En ce qui concerne la santé, c’est Carole Delga, qui s’est exprimée la première en demandant à ce que les régions aient plus de pouvoir en la matière et puisse investir dans les hôpitaux comme c’est le cas pour les lycées. La candidate socialiste à sa réélection a également évoqué une proposition qui a provoqué les premières passes d’armes du débat : le recrutement par la collectivité de 200 médecins salariés. Un “enfumage pour Aurélien Pradié, tête de liste du parti Les Républicains, pour qui cette cette proposition ne “tient pas la route” tandis que Jean-Paul Garraud, candidat du Rassemblement National ironise sur ces futurs “médecins fonctionnaires” tout en adressant à Carole Delga qu’elle ne pouvait pas être “la ministre de la santé en Occitanie”.

La régionalisation de la santé en question

Sur la question de la décentralisation des compétences en matière de santé, Myriam Martin, chef de file d’une liste rassemblant notamment la France Insoumise et le NPA, se dit, elle, opposée à la “régionalisation de la santé” qui mettrait en concurrence les collectivités entre elles. Quant à Vincent Terrail-Novès, le candidat soutenu par la majorité présidentielle assure que si “la région doit avoir un rôle de coordination de la répartition des effectifs sur le territoire”, elle ne doit pas intervenir dans les investissements dans les hôpitaux.

LGV : Vincent Terrail-Novès évoque un partenariat public-privé

Interrogés ensuite sur les transports et en particulier sur les annonces faites par le premier ministre Jean Castex sur la LGV Toulouse-Bordeaux, la plupart des candidats estiment qu’il ne s’agit pour l’heure que de promesses.
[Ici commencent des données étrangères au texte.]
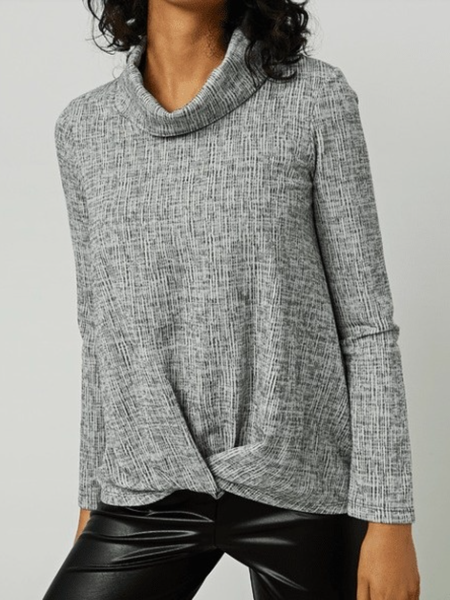 

Fall A-line Long Sleeve Elegant Simple Daily Stand Collar Tops, Gray, Blouses and Shirts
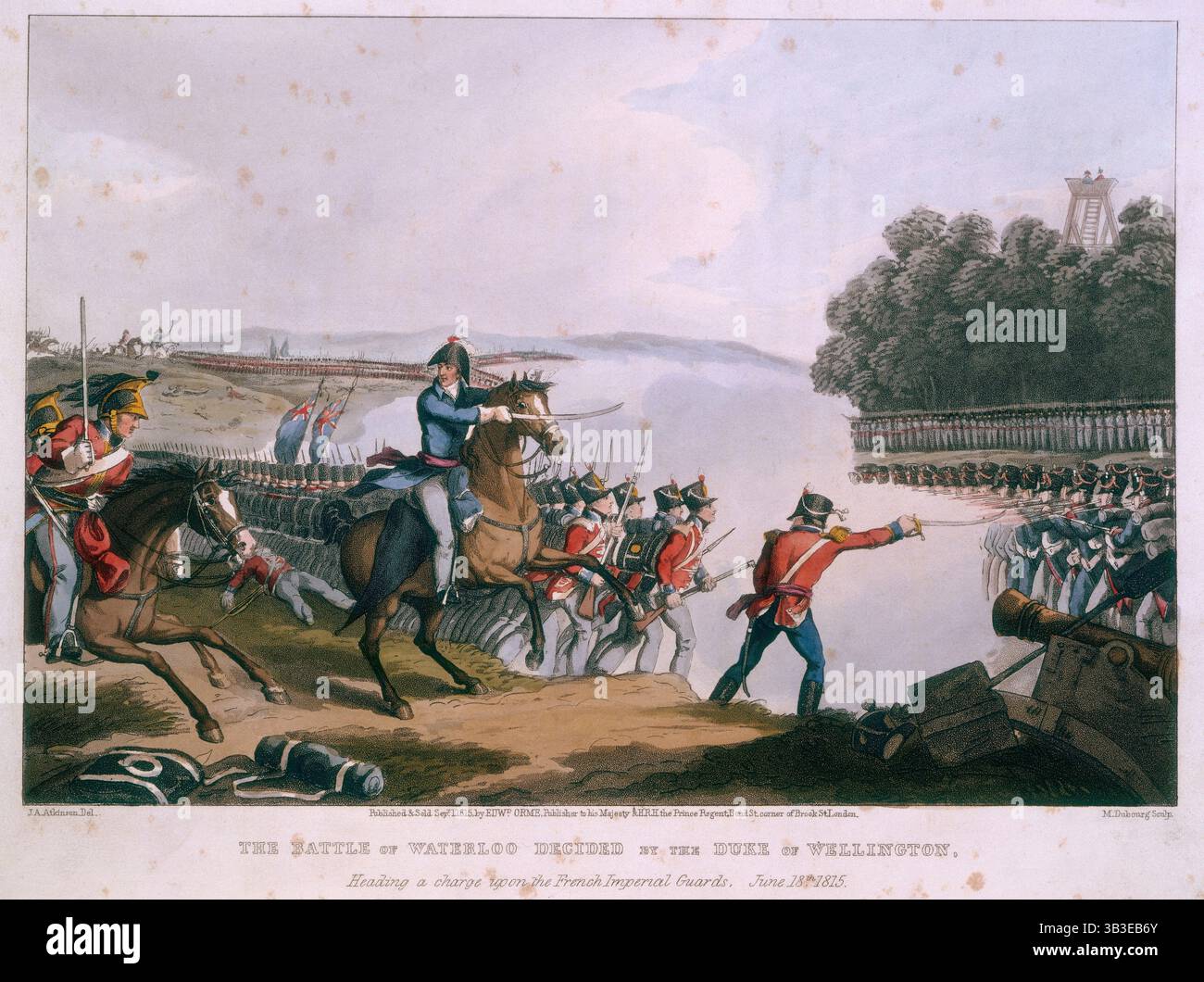 "La battaglia di Waterloo decisa dal duca di Wellington, a capo di una carica sulle guardie imperiali francesi, 18 giugno 1815", 1819. Il Duca, sul suo cavallo, sollecita le sue truppe con una spinta della sua spada. Da "aneddoti storici, militari e navali di ... particolari incidenti che accaddero agli eserciti della Gran Bretagna e dei suoi alleati" di Edward orme. Foto Stock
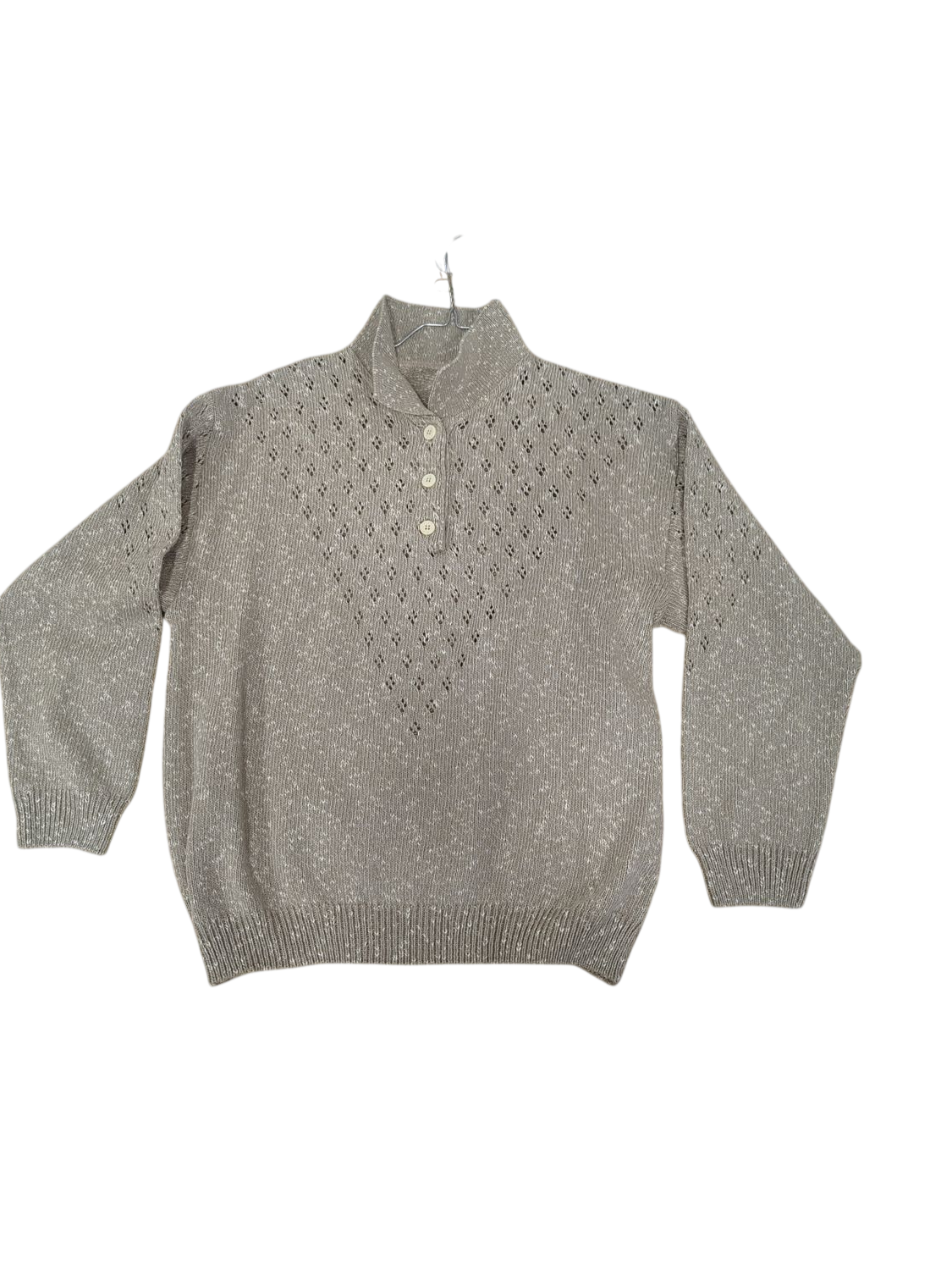Beige Knit Sweater with Collar - Size NL 44/46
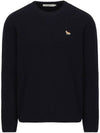 Men's Baby Fox Pullover Cotton Knit Top Navy - MAISON KITSUNE - BALAAN 3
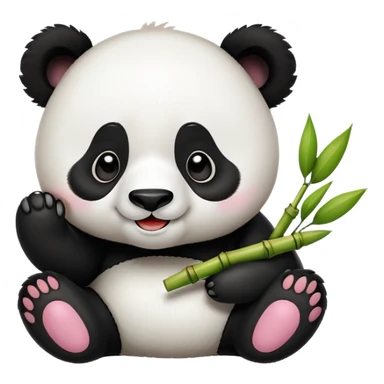 Chengdu Giant Panda Research Base with cute panda, simplified emoji style with bold outlines and bright colors, cartoon style panda with bamboo sticker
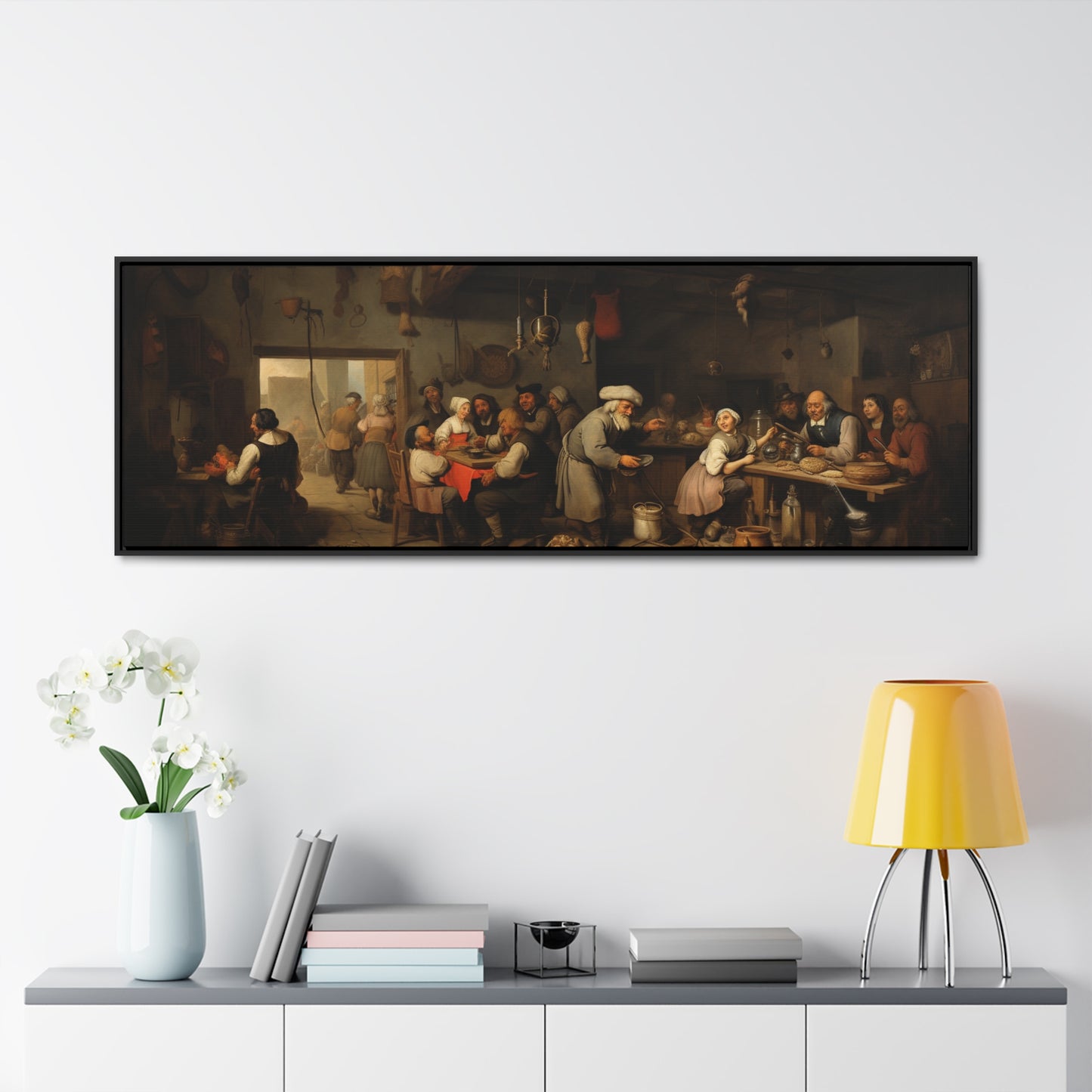 Abraham Teniers Inspiration – "Rustic Feast" | Tavern Scene Wide Canvas Art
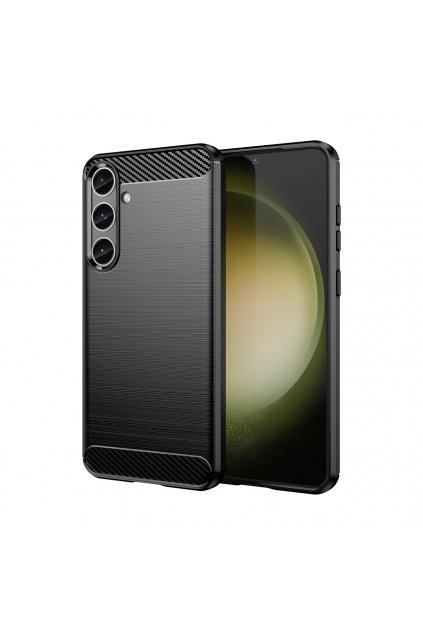 68271 pouzdro pro carbon case samsung galaxy s24 flexibilni silikonovy karbonovy kryt cerny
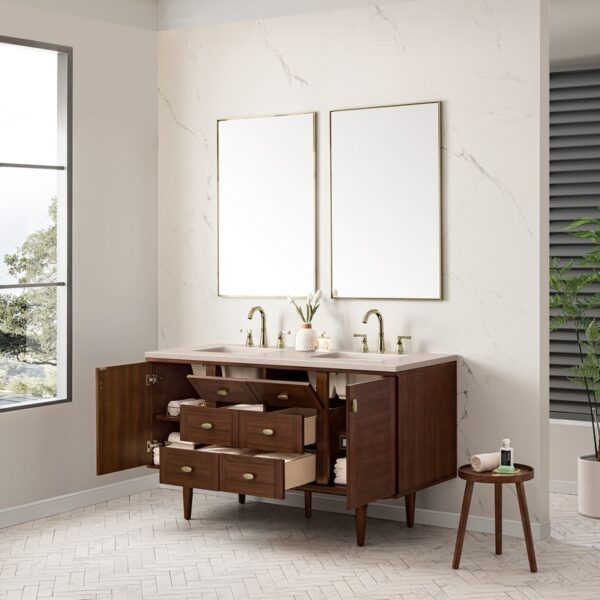 James Martin 670-V60D-WLT-3EMR Amberly 60 Inch Mid-Century Walnut Double Sink Vanity with 3 cm Eternal Marfil Top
Comme Aurélien Pradié qui apostrophe Carole Delga sur l’absence d’indications de sa part sur la manière dont la région va financer les 4 milliards qui incombent à la collectivité pour le projet. Sur le sujet, Vincent-Terrail Novès écarte clairement l’hypothèse d’une taxation des entreprises et propose la mise en place d’un partenariat public-privé avec un consortium qui permettrait de concéder à une entreprise l’exploitation de la ligne.

Priorité aux petites lignes du quotidien à la gauche de Carole Delga

Un projet qui fait bondir Myriam Martin, pour qui ce type d’opération, dans lesquelles “la puissance publique est toujours le dindon de la farce” ne vise qu’à permettre à des entreprises de faire des profits sur le dos des contribuables. La candidate insoumise ajoute que si “l’on voulait réellement désenclaver le territoire, on rouvrirait en priorité les nombreuses petites lignes qui sont aujourd’hui fermées.” Même tonalité chez le candidat écologiste Antoine Maurice qui, pressé de clarifier sa position sur le sujet par un Aurélien Pradié très mordant sur “l’écologie intégriste”, revendique donner la priorité à une nouvelle ligne Montpellier-Perpignan et préfère réaménager les lignes existantes entre Toulouse et Bordeaux.

Quel avenir pour les projets routiers ?

Enfin, le dernier thème du débat pour ces élections régionales en Occitanie concernait les projets routiers. L’occasion pour Jean-Paul Garraud d’affirmer son soutien à la voiture et au diesel “beaucoup plus respectueux de l’environnement aujourd’hui”, contrairement à celle qu’il estime être sa principale concurrente dans cette élection, Carole Delga. Autre partisan de la voiture “qui représente 90% des trajets en Occitanie”, Aurélien Pradié propose un fonds de 200 millions d’euros pour financer un projet routier par département au terme des 6 ans de mandat. Quant à Carole Delga, elle assure que les travaux prévus par la collectivité ne se font pas en raison du “retard pris par l’État”. Pour financer les routes dans les territoires ruraux mais aussi les mobilités douces sur l’ensemble de la région, la présidente sortante évoque l’idée d’une taxe sur les sociétés autoroutières.